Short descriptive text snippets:
+-------+

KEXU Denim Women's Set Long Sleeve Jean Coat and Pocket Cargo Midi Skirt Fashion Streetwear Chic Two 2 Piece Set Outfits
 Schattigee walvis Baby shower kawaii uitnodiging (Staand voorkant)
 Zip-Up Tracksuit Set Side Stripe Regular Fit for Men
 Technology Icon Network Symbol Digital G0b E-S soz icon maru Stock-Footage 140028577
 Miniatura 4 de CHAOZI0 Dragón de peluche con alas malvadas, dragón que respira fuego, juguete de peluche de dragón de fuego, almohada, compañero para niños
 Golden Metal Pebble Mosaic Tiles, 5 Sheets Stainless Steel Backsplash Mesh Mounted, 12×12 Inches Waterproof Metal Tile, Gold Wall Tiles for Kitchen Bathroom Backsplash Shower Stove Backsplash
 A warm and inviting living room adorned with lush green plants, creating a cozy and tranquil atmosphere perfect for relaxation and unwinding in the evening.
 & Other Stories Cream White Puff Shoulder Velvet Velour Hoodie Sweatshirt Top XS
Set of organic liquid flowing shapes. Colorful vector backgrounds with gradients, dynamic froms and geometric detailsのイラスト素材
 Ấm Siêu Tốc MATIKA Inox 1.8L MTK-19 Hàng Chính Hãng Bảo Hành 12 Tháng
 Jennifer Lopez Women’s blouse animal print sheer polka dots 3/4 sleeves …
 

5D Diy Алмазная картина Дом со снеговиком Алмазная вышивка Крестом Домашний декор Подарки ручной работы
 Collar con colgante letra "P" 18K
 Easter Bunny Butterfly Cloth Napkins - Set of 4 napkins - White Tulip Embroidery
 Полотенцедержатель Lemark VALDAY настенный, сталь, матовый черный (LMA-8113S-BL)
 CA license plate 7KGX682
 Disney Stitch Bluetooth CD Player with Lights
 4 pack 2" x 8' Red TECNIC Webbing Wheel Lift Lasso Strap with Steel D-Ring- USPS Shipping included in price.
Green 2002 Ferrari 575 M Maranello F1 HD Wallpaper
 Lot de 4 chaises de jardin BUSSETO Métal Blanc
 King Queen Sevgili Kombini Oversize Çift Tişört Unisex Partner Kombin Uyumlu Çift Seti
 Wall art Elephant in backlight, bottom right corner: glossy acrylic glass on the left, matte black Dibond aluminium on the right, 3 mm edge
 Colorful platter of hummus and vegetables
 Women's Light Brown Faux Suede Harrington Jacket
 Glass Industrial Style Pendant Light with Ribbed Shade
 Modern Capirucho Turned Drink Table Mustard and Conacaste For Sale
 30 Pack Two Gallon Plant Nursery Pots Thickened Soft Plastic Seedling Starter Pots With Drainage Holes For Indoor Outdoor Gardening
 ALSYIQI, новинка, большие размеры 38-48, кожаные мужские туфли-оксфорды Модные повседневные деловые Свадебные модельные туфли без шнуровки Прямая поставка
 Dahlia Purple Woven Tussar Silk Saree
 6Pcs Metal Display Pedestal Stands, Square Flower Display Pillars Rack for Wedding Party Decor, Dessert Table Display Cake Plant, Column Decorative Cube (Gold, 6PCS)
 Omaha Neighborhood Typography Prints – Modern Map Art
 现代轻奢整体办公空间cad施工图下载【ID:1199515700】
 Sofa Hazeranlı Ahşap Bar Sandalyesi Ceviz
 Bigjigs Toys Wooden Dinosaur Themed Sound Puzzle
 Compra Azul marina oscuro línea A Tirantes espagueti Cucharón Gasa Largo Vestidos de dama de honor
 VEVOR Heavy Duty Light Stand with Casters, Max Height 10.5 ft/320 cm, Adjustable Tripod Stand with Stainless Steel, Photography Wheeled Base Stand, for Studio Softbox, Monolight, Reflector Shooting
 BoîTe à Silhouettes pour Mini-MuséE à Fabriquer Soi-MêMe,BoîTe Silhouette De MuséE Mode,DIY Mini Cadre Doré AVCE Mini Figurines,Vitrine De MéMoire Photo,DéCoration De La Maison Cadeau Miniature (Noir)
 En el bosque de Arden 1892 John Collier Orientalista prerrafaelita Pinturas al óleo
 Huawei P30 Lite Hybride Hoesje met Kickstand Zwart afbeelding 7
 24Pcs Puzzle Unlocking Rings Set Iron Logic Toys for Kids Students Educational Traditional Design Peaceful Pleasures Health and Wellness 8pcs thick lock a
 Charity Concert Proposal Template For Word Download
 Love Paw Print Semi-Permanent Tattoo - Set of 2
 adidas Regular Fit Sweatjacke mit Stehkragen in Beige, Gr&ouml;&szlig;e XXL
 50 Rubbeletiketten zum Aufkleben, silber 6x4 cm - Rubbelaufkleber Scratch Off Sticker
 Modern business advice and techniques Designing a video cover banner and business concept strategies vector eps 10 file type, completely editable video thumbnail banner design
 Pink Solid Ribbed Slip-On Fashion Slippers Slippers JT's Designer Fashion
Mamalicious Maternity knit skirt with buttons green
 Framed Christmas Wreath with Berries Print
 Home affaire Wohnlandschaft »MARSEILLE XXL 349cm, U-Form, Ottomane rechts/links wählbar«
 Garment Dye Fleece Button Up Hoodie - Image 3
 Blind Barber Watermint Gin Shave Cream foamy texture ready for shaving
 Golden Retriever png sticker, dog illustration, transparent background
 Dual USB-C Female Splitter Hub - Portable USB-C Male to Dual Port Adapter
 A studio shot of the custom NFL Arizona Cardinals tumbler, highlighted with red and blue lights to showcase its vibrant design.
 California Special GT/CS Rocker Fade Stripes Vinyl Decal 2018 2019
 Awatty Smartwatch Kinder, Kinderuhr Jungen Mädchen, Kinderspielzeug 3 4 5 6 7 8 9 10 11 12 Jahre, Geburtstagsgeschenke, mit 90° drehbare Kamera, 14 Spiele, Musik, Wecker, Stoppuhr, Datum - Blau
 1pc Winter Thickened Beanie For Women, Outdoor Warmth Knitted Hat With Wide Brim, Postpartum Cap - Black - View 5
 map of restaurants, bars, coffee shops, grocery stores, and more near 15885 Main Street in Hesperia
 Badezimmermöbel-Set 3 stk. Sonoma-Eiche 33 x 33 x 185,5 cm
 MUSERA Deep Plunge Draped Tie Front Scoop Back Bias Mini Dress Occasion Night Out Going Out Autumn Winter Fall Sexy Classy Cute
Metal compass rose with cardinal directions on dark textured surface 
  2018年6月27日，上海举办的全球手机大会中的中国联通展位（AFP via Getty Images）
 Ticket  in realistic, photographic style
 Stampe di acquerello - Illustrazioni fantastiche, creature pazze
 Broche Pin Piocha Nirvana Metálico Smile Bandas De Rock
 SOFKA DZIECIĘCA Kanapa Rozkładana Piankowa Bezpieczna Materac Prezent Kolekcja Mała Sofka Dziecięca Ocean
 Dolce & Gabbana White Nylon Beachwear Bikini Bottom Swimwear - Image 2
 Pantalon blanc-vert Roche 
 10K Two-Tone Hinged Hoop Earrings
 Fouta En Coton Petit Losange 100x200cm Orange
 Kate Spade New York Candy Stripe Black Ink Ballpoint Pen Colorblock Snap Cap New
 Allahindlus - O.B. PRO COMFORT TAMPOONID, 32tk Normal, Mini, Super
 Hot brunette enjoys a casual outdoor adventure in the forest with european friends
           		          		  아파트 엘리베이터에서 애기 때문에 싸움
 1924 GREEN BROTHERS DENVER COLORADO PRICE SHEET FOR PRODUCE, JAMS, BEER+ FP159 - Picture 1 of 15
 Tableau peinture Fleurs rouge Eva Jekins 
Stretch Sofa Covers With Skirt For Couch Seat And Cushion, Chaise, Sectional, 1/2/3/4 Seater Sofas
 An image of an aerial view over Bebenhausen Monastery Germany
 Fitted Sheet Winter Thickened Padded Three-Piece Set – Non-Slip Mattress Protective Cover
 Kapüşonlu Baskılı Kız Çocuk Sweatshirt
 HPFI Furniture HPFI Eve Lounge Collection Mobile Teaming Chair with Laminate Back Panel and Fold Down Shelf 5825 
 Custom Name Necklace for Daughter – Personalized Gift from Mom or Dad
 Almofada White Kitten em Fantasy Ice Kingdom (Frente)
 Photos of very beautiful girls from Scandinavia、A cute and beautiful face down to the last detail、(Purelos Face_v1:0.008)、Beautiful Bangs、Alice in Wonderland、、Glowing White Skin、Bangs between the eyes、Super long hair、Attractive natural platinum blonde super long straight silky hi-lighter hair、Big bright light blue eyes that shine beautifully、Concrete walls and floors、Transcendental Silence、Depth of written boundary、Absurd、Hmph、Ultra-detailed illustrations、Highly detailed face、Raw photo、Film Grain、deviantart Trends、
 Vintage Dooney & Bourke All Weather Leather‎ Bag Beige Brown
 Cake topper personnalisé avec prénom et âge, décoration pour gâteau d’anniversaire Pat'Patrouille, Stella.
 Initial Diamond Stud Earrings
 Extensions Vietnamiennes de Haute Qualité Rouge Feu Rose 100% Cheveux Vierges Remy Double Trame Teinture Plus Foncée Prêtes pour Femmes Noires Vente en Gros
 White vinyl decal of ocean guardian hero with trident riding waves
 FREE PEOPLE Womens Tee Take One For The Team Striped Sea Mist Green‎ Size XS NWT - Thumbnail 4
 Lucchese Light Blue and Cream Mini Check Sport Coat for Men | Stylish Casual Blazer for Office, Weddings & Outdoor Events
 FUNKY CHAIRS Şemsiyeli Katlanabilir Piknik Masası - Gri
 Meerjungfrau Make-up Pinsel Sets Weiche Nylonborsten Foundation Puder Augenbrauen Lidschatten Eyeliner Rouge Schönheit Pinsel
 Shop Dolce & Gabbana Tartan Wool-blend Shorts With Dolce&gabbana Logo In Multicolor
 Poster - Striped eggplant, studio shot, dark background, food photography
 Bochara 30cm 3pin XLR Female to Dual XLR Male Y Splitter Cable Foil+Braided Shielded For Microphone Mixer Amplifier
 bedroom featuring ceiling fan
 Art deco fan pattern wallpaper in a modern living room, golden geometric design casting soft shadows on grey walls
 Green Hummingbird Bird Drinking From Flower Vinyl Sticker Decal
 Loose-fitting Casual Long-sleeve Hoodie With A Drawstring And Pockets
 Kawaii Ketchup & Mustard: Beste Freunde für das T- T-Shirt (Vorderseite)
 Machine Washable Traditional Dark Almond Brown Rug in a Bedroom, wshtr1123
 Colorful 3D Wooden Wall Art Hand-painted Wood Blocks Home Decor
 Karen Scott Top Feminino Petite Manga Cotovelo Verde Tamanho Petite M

+-------+

Problem requirements ▸
Collect every line above that contains the word "Ribbed".

Result of the task ▸
 Glass Industrial Style Pendant Light with Ribbed Shade
 Pink Solid Ribbed Slip-On Fashion Slippers Slippers JT's Designer Fashion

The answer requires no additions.